There is a general level of optimism about relationships in the Indo-Pacific Asia zone over the next two decades, despite potential for inter-country competiveness, issues around resource access and changes in countries' military strength, the annual In The Zone conference has been told.
In a session moderated by Professor Stephen Walt, Harvard Kennedy School of Government, delegates at today's session at The University of Western Australia heard high-level discussion about the relationship between economic powerhouses the United States and China in the region.
The Director General of the Department of Foreign Affairs and Trade, Mr Peter Varghese, said it was inevitable there would be elements of strategic competition by China and the US in the region, and there was potential for ‘strategic fault lines' to emerge.
However, Mr Varghese said fault lines might not occur due, in part, to the increasing power of several strong players in the region. Further, China's pre-occupation with domestic issues such as domestic growth and reform could dominate much of China's focus.
Professor Brahma Chellaney, from the Centre for Policy Research in New Delhi, described the US and Chinese strategic visions for the region as diagonally opposite.
He said that while the two nations were ‘fairly respectful' of each other, looking ahead the US-China relationship in the region would remain uneasy and competitive.
Professor Chellaney said there was potential for the emergence of independent military powers in Asian countries that would remain close friends with the US.
Japan's former Deputy Foreign Minister, Hitoshi Tanaka, argued that it was wrong to focus on the competitiveness of China and the US, and discussion instead should be centred on how the region was responding to challenges as a whole.
The panel was divided on the importance of Japanese re-armament. Professor Chellaney said re-armament would happen sooner than expected, and would help to boost Japan's military and non-military exports and increase the profitability of American defence companies. Mr Varghese said current moves were not designed to position Japan in the ‘militarianist style' of the 1930s.
"Japan is seeking to play a more active role in regional security," he said. "They are seeking to resume the right of active self-defence."
Mr Tanaka said Japan was spending only 0.9 per cent of GDP on its armament capability and was a nation with restricted military capacity.
Competitive access to resources, coupled with environmental degradation in certain areas of
Asia, were important emerging issues.
Professor Chellaney said exploitation of natural resources would be linked to environmental crises and, more widely, to planet change.
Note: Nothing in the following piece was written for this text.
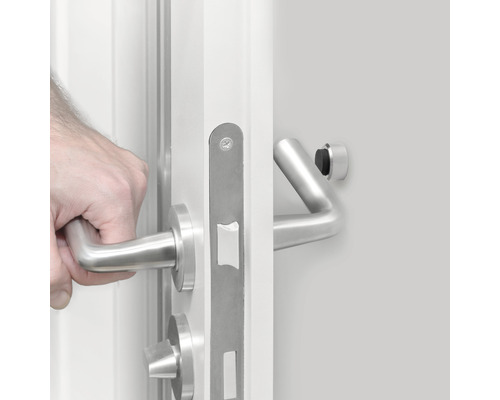 Hand opent witte deur met roestvrijstalen beslag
"There is a need to establish rules for resource competition and take a long-term, holistic approach to things like water and food," he said. "Asia needs to build a more sustainable and peaceful future for itself."
He said current trends in the region included that political integration was falling far behind economic integration throughout Asia.
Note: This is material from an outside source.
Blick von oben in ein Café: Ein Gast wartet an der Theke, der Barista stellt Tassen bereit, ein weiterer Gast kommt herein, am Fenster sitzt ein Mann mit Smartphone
"There is a widening gap between the economy and politics, with politics becoming more and more divided."
Mr Varghese said a core challenge in the region was to maximise economic opportunity while minimising strategic risk, and political leadership would be tested by profound structural economic growth challenges.
Leaders agreed that the future of relationships in the region was not pre-determined, but would be dependent on the quality of engagement and the far-sightedness of leaders.
Editor's Note: About the In the Zone Conference Series
Perth shares a time zone with 60 per cent of the world's population, and the nations that promise the greatest economic growth of the twenty-first century. The In the Zone Conference Series has highlighted our shared time zone and the growing geo-strategic importance of the Indo-Pacific.
In the Zone 2014: A New Narrative of Prosperity and Power marks five years of regional dialogue between leaders and influential thinkers facilitated by the University of Western Australia's In the Zone conference series. Held at the University Club of Western Australia on May 1, this CEO-level event explores a new regional narrative to leverage global prosperity and influence, while all are in flux.
Over the last five years, In the Zone has brought together a number of leaders from countries including Japan, China, Korea, India, Singapore, Myanmar, and Indonesia, representing governments, industry and the community. Together with many of Australia's most strategic thinkers, policy makers, scientists and business leaders, the In the Zone conference series has facilitated a wide-ranging international dialogue.